Pamuk tells the story through the characters. Each chapter is entitled I Am…, with the name of the character telling his, her or its story in the title. Not only do the main characters tell their story but we also hear from the victims after their deaths, from a six-year old boy (Shekure’s youngest son), from Satan, a dog, a horse, a gold coin, a tree, death and two dervishes who died over a hundred years ago. We also hear from the main suspects (by name) as well as from the murderer who does not identify himself till the very end. The start of the story is the tale of Elegant Effendi, the first victim, lying dead at the bottom of a well. Naturally, as this is Pamuk and 16th century Istanbul, this is not your conventional detective story. Indeed, the method used to find out who the murderer is involves detailed examination of the various illuminations and miniatures to spot tell-tale traces of similarities between a painting found on Elegant Effendi’s corpse and a missing painting stolen from the second victim.
But, of course, not only does Pamuk keep us guessing as to the identity of the murderer, though we have soon narrowed it down to three possibilities, but he also discourses on a variety of subjects. The main topic, of course, is art, in particular the differences between European art (using techniques such as shade and perspective) and Islamic art (which is not as the artist sees but as Allah sees). The artists themselves are struggling with this, nominally being fully in favour of Islamic art but dabbling with European techniques and even doing some European art on the side for the tourists (including porn). But there is no doubt that European art is considered counterfeit, like the counterfeit European gold coins that are appearing in Istanbul.
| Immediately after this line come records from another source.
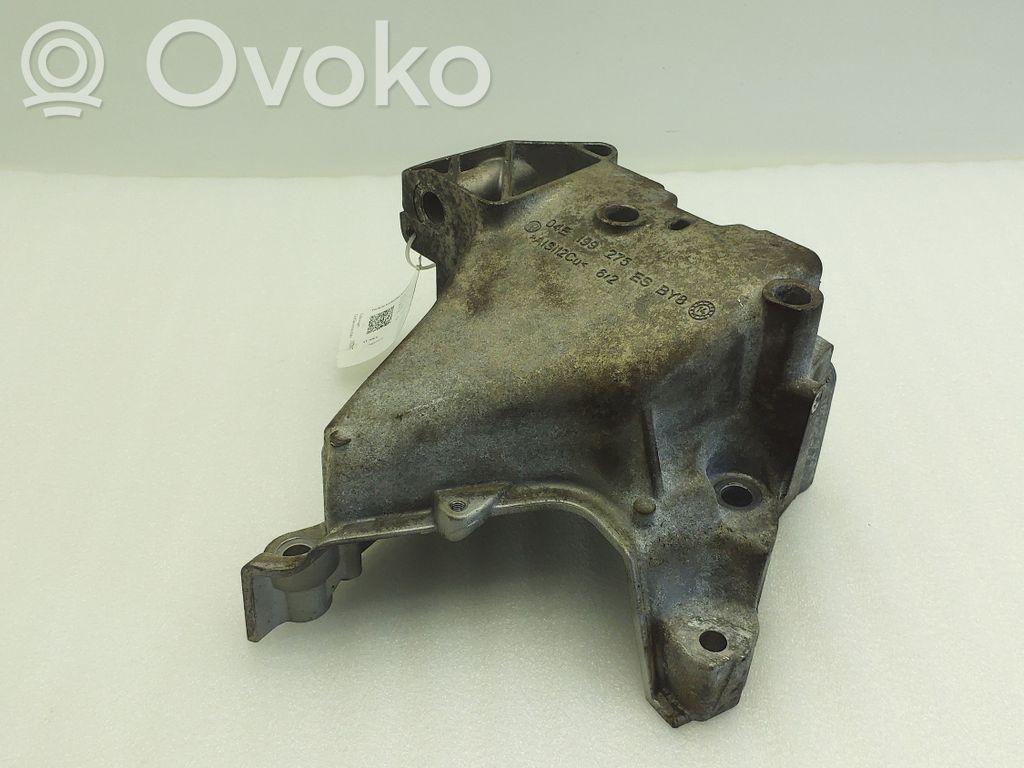 Volkswagen Golf Sportsvan Engine mounting bracket 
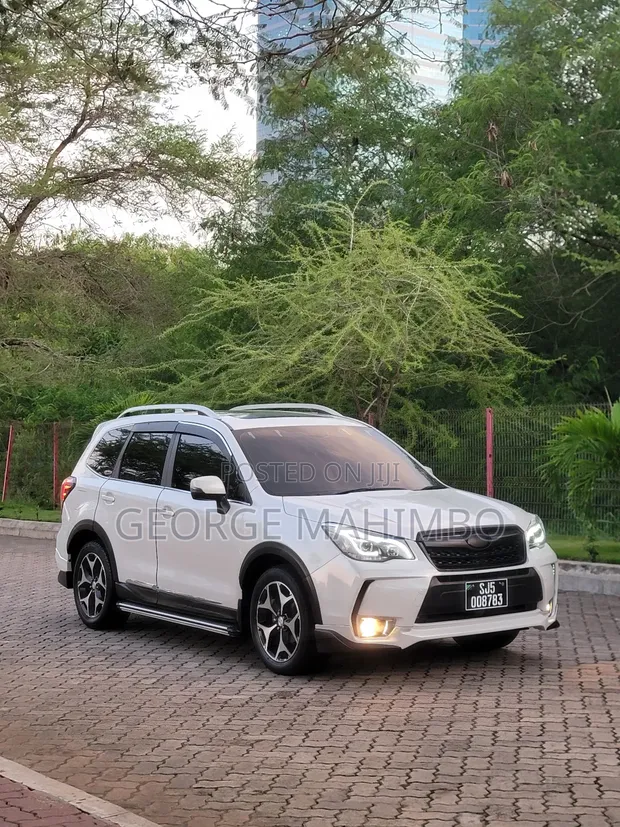 Subaru Forester 2014 White - 1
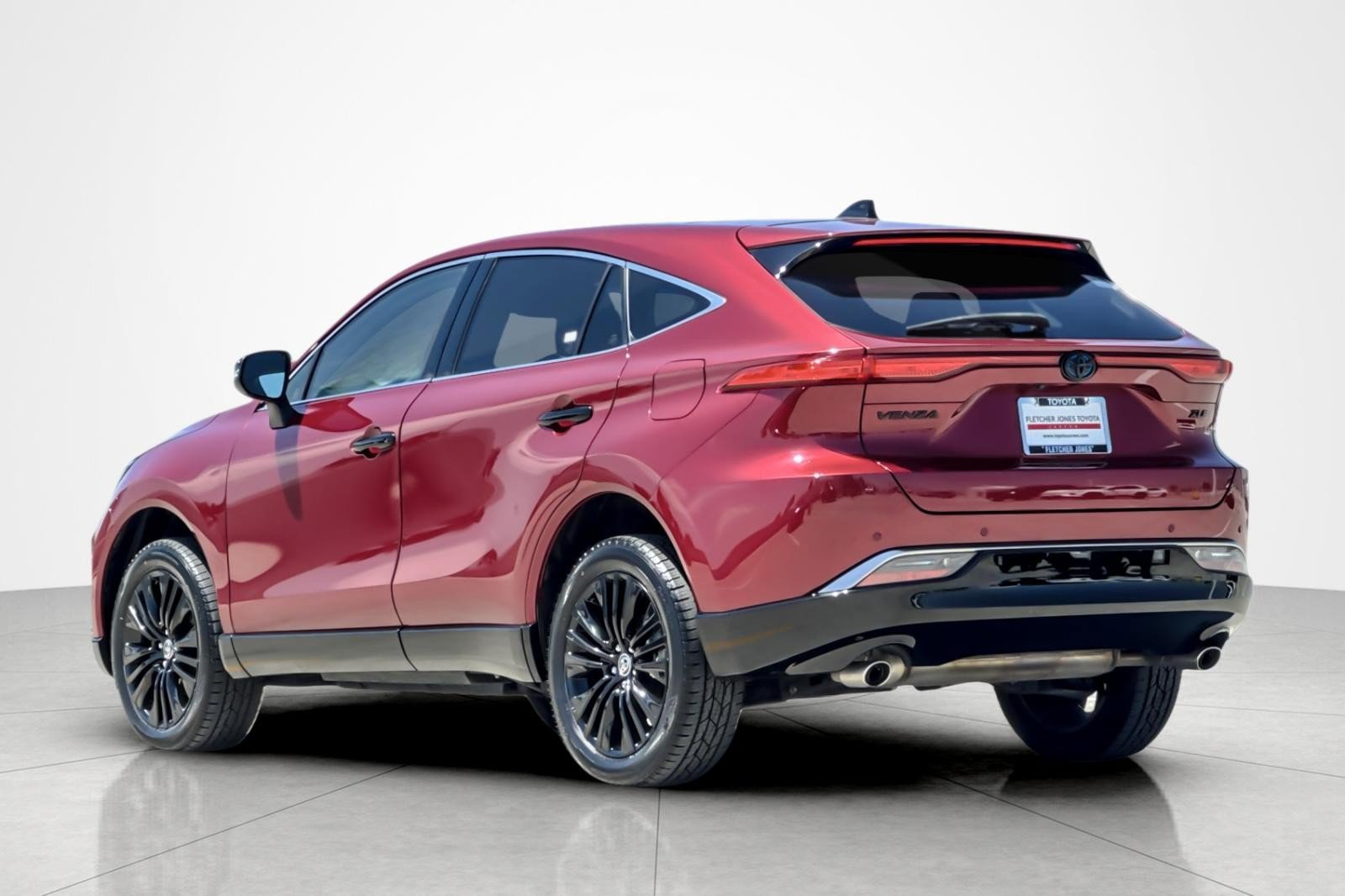 Certified 2023 Toyota Venza Nightshade AWD/4WD image 3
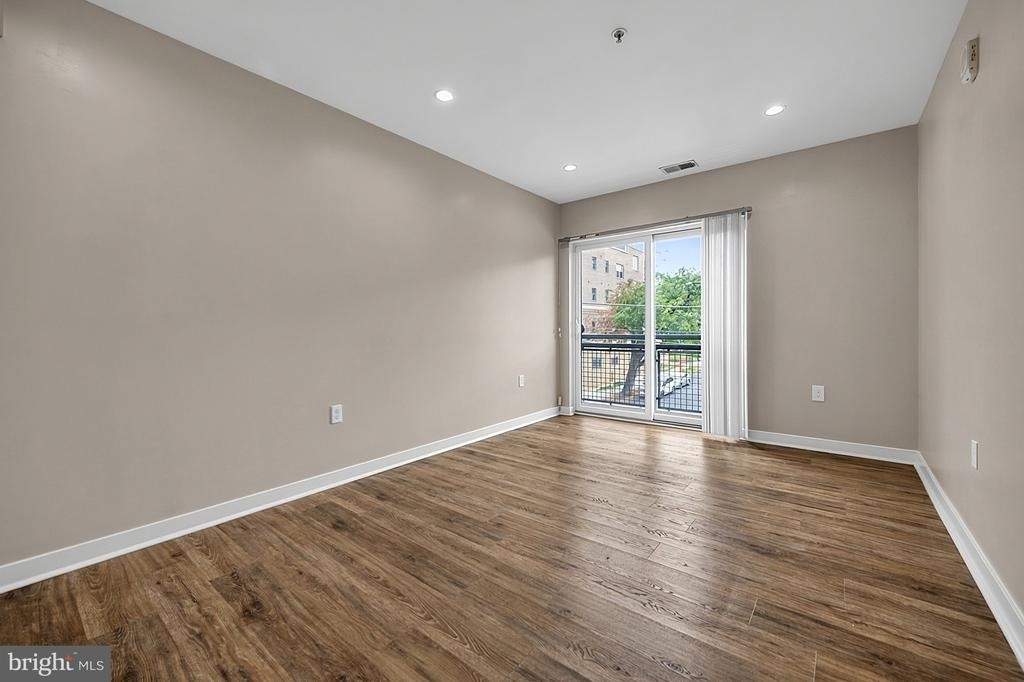 1516 Marion Barry Avenue Se - Photo 21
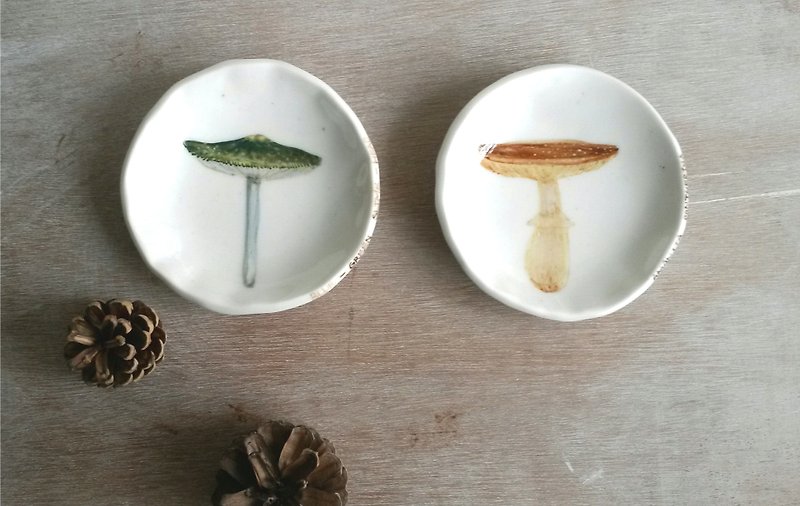 陶瓷蘑菇小碟 - 花瓶/陶器 - 其他材質 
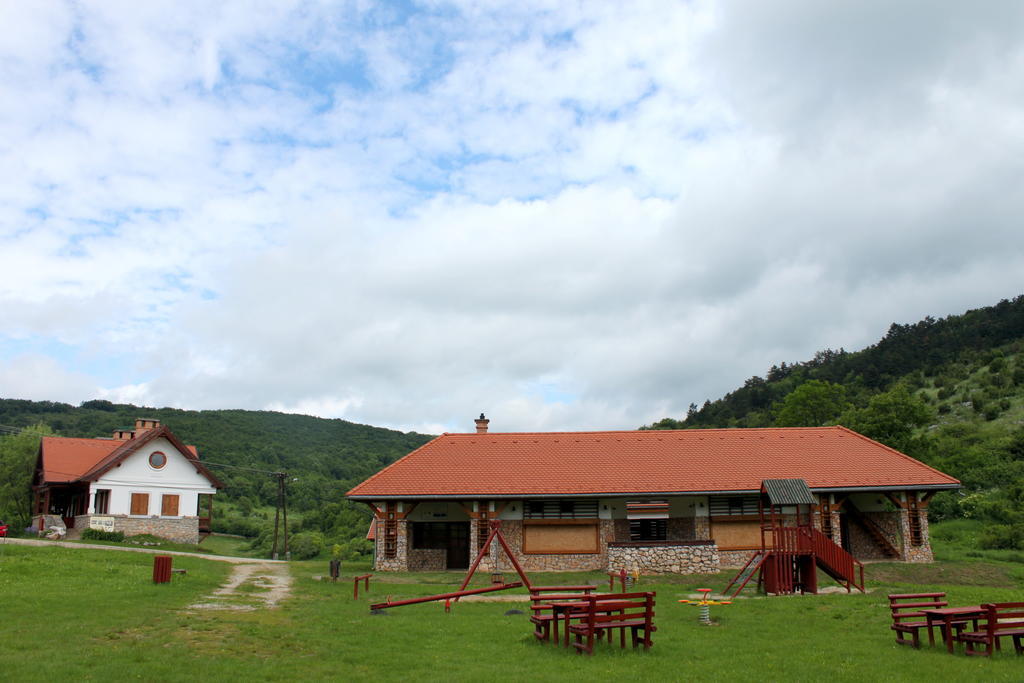 Szakal Vendeghaz Hotel Aggtelek Exterior photo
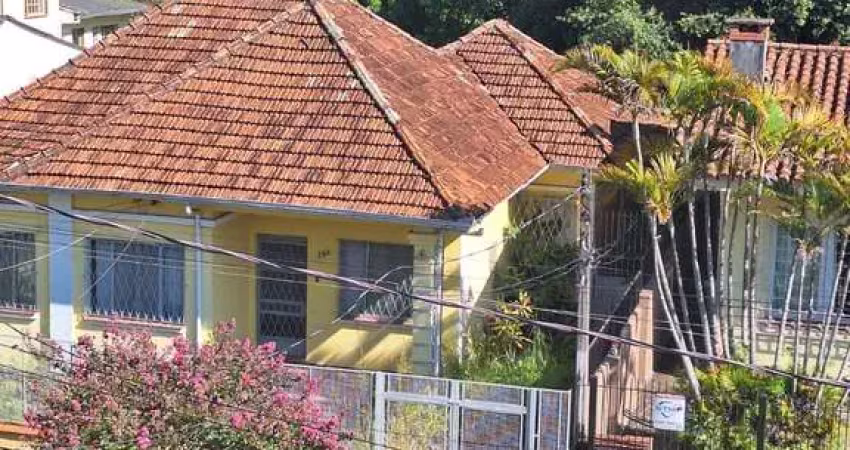 Casa com 3 quartos à venda na Rua Doutor Possidônio Cunha, 260, Vila Assunção, Porto Alegre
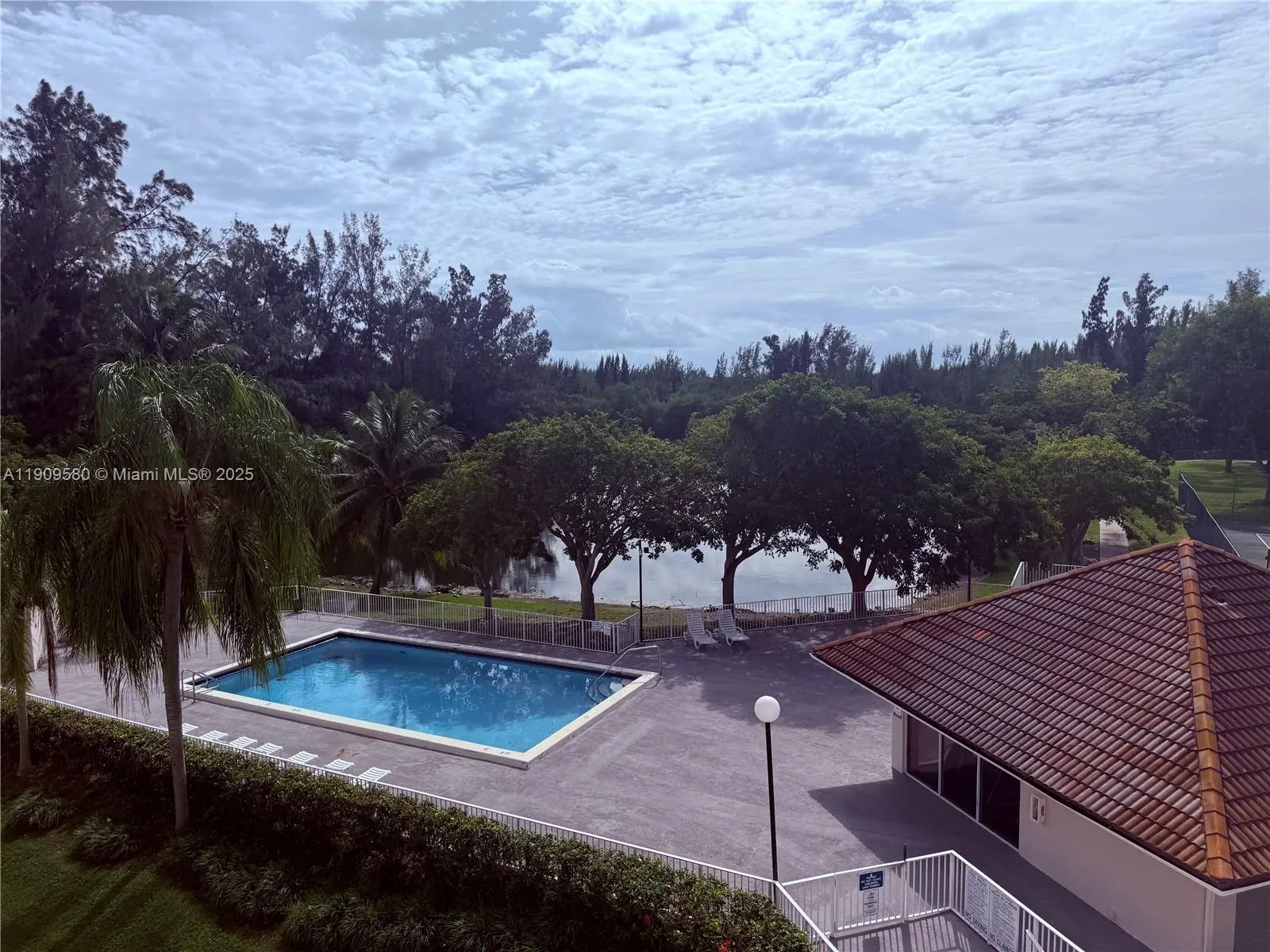 Photo of Listing #A11909580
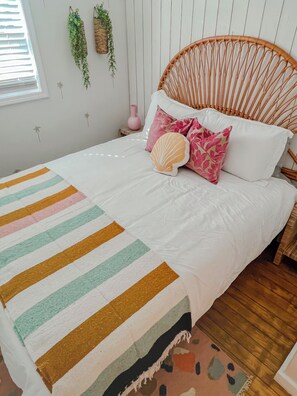 2 bedrooms, iron/ironing board, travel crib, WiFi - Lazy Days Bungalow, Heart of Murrells Inlet, Steps to the Marshwalk, Pets Okay (Murrells Inlet)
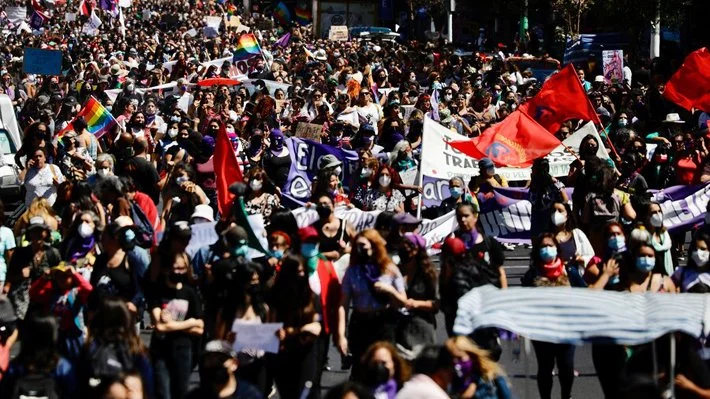La Minuta AM: La marcha del 8M llenó la Alameda y concluyó con Elisa Loncón entonando un grito por el Apruebo de Salida
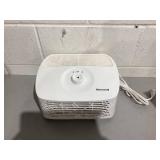 Honeywell Air Purifiers for Home Bedroom, Living Room, Kitchen & Dorm Room (100 sq ft)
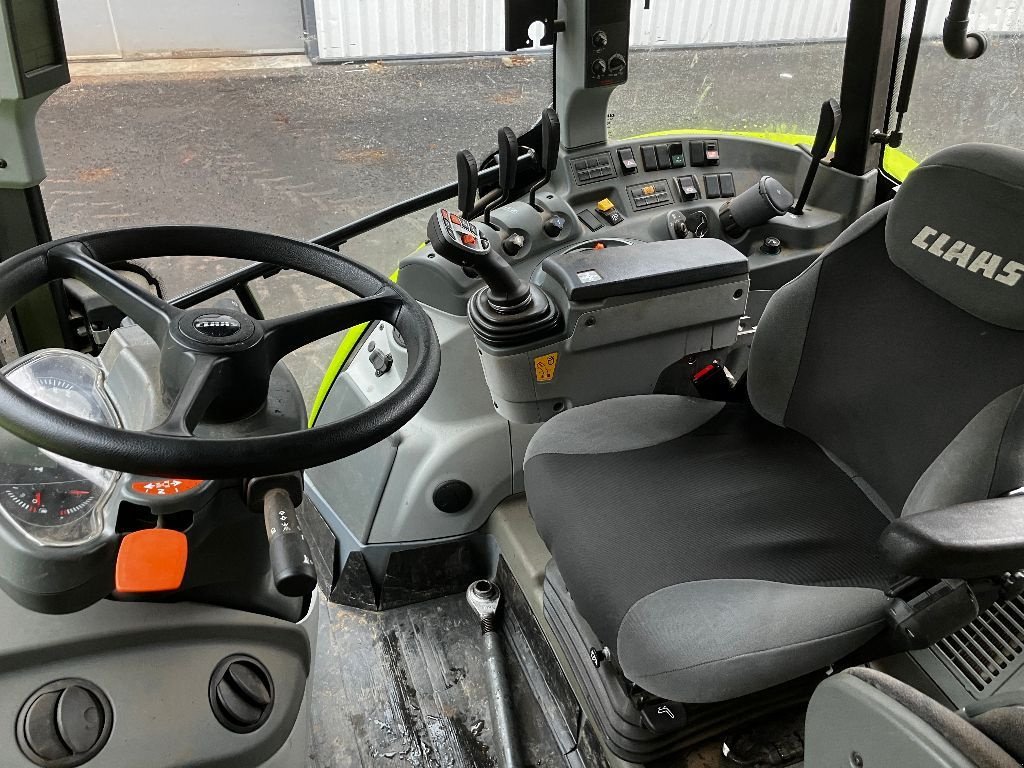 Traktor del tipo CLAAS Arion 430, Gebrauchtmaschine en SAINTE GENEVIEVE SUR AGENCE (Imagen 4)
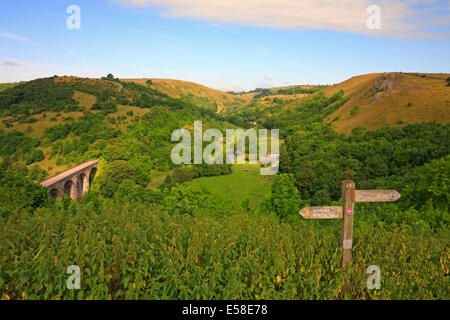 Grabstein-Viadukt und hölzernen Wegweiser am Monsal Kopf auf Upperdale, Derbyshire, Peak District National Park, England, UK. Stockfoto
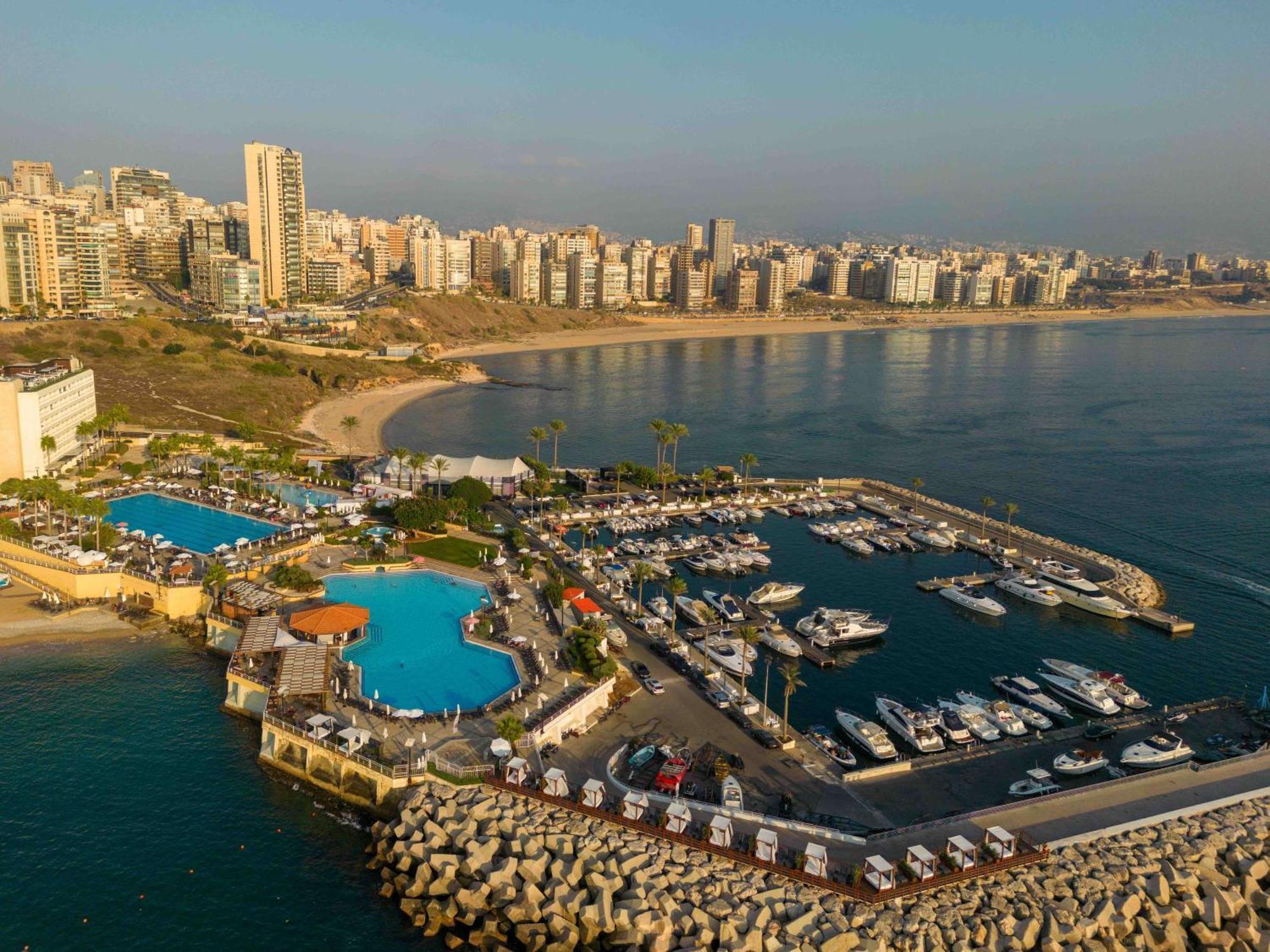 Moevenpick Hotel Beirute Exterior foto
Of course, related to this, there is an Islamic backlash, with a fundamentalist preacher condemning the move from true Islam and backing up his views with violence. Love, loyalty, women’s rights and the whole idea of artistic creation are some of the other themes Pamuk discusses. Indeed, the plot is something of a MacGuffin and when the murderer is finally revealed, it seems almost irrelevant. For Pamuk is one of those writers who tells his tale in such an elegant and intelligent manner that plot is decidedly secondary.